Son on the other hand, had very little sleep. The grating snore of the man in the room kept us up all night. We managed to sleep till close to 8 am when the noise of the others woke us up. We waited till the others had packed and left and then got ourselves going.
We couldn’t wait to get out of the albergue. Son didn’t even want breakfast. So we set off, in the cool, damp morning with a bit of chocolate to share between us to keep us going for the 10 km to Ponte Olveiro
Dark and foreboding behind us, the way in front was clean and bright. Relatively clean, anyway. The heavy rains overnight had washed the roads clean of caked on dung, and everything felt fresh in the morning air. We were the first ahead of no one, behind no one. Still it was not too long before people were suddenly upon us. It is me, I apologised to Son. I am a slow walker. And that’s because I now like to walk with my hands in my pocket, strolling and admiring the view around. For why not? I might not be back this way again.
We passed small farming hamlets, one after another. Some of these farms have very large barns. Clearly there is a big kahuna farmer who mainly runs the whole area. Yet there were still a lot of other dwelling houses. Maybe they were the homes of workers or smaller farm owners. Despite it being a week day, there was hardly any movement in sight – human movement that is. Onwards we climbed up hills, roads and other pathways. My backpack cover was holding up. The garbage bag solution flapped occasionally when it caught the wind, but for the most part it hugged close to my pack.
Another downpour struck, and we were lucky to ge close to some farm buildings where stepped in to take shelter. It bucketed down for 15 minutes before dissipating.
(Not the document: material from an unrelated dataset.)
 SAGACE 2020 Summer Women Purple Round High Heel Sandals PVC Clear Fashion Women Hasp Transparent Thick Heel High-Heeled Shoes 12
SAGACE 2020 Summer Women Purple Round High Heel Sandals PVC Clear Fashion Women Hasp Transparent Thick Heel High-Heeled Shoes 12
It reminded me of Singapore, where tropical rains would suddenly whoosh down, only to be spent a few minutes later. And so we trudged onwards towards Ponte Olveiroa.
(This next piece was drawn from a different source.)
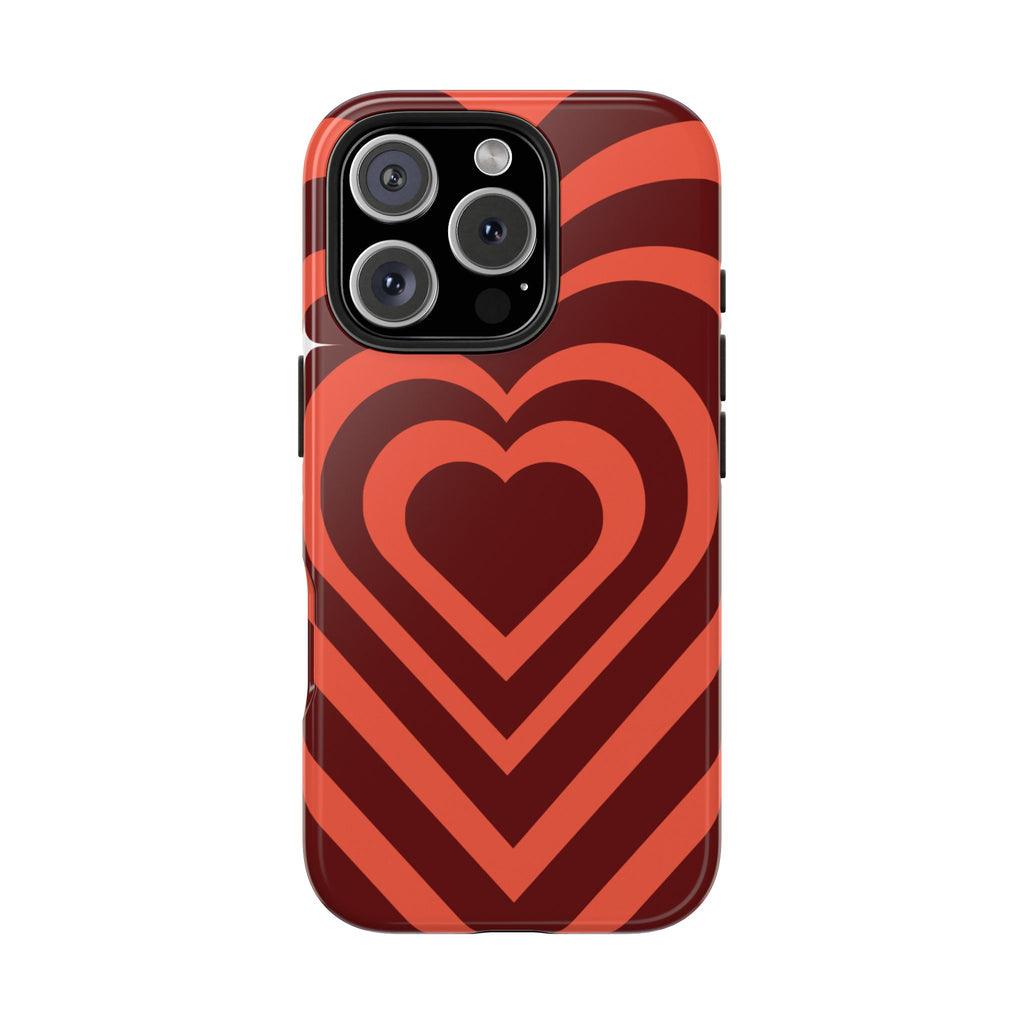 Retro Red Heart Pattern Phone Case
After about 2 and a half hours, we’d arrive in the Albergue in Ponte de Olveiroa. Having had no breakfast or coffee to start the morning, I definitely needed something. So orange juice, coffee and bocadillo was in order. The albergue was very nice, much nicer than yesterday. If I was on my own, I would have stayed, being able to entertain and amuse myself in relative boredom. But Son was with me, and though he is much more independent now, I was not sure that he would cope with the hours stretched out in front of him. I ummed and aaahed, strangely indecisive as I peered out at the weather divining the movement of rain clouds. What I did not want was to get wet.
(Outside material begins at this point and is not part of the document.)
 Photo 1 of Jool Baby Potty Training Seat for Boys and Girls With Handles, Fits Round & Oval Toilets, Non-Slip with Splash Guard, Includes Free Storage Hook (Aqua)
As we ate and pondered, an Irish pilgrim walked in and started up a conversation. He was walking backwards from Finisterre to Santiago. Apparently, he’d done 15 caminos altogether. He spoke like he was a hard core camino-ist so I did not ask him whether it was the full routes he did on each of those occasions or part route. Of the 15, 8 had been Camino Frances, the rest a mix of other routes including the Del Norte. It seemed so cool to spend your life constantly walking and I congratulated him on being able to set up a life to live so. He’d been volunteering at the pilgrim office in Santiago as well.
Somehow the conversation moved to the missing American pilgrim, now known to be dead. At the time, they’d found Denise only a couple of weeks prior. Given that he spoke Spanish fluently and was in Santiago all this time, I asked what he knew from the Spanish newspapers. He tsked away, and said it’d been known for a long time who they suspected. After all, the man arrested had long been known to kill animals. The man came from Santa Catarina. And apparently a few days after her disappearance, he was cashing out €1000. He tsked about the inefficiency of Spanish police and general lack of interest until media interest meant that they’d have to do more than idly sit by. What he felt was that if they had moved faster, sooner, they might yet have saved her.
Who knows the truth? But as we walk on, I say a little prayer for the missing pilgrim.